Aby nie stać się ofiarą kieszonkowców należy stosować się do kilku żelaznych zasad:
– idąc na zakupy, brać tyle gotówki, ile potrzebujemy. Nie trzymajmy całej sumy w jednym miejscu. Jeśli to możliwe, chowajmy portfel do wewnętrznej kieszeni, z której będzie trudniej go wyciągnąć;
– złodzieja może sprowokować zostawiona w samochodzie aktówka czy torba. Nieważne, że nie ma w niej nic cennego - złodziej przecież o tym nie wie. Chowając ją, zaoszczędzisz sobie konieczności wymiany rozbitej szyby. Nie zostawiajmy na siedzeniach samochodu także cennych przedmiotów takich jak laptop czy telefon komórkowy;
– nie trzymaj kluczyków do samochodu w widocznym miejscu, bo one też mogą skusić złodzieja. Zamykając auto elektronicznym pilotem, upewnij się, czy drzwi faktycznie są zamknięte;
– gdy mierzysz ubrania w przymierzalni, nie zostawiaj torebki na podłodze. Złodziej może wykorzystać twoją nieuwagę i wyciągnąć ją z kabiny;
– Ostrożność powinniśmy zachować także w momencie, kiedy pozostawiamy nasze mieszkania i domy bez opieki. W związku z rejestracją coraz większej ilości przestępstw kradzieży z włamaniem szczególnie do mieszkań w blokach i na terenach osiedli domków jednorodzinnych, apelujemy o stosownie wszelkich możliwych zabezpieczeń utrudniających przedostanie się do wnętrza domów i tym samym wydłużających czas ewentualnego włamania – mówi st.asp. Dorota Grzelka.

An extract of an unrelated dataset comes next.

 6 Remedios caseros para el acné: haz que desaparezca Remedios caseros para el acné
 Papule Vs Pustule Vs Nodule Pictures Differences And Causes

Wychodząc z domu pamiętajmy:
– zawsze zamykajmy drzwi;
– zawsze zamykajmy okna, rozważmy zamontowanie klamek do drzwi balkonowych wyposażonych w zamek patentowy;
– nie pozostawiajmy otwartych bram i furtek;
– informujmy zaufanych sąsiadów, aby obserwowali mieszkanie pod naszą nieobecność.
– Poznajmy sąsiadów, reagujmy na niepokojące sygnały wokół naszego mieszkania czy posesji, dzielmy się z sąsiadami swoimi spostrzeżeniami. Zwracajmy uwagę na obce auta czy ludzi kręcących się po naszej okolicy. Nie bądźmy obojętni na to, co dzieje się wokół nas – dodaje Dorota Grzelka. – Reagujmy dzwoniąc pod nr alarmowy 112 lub do dyżurnego.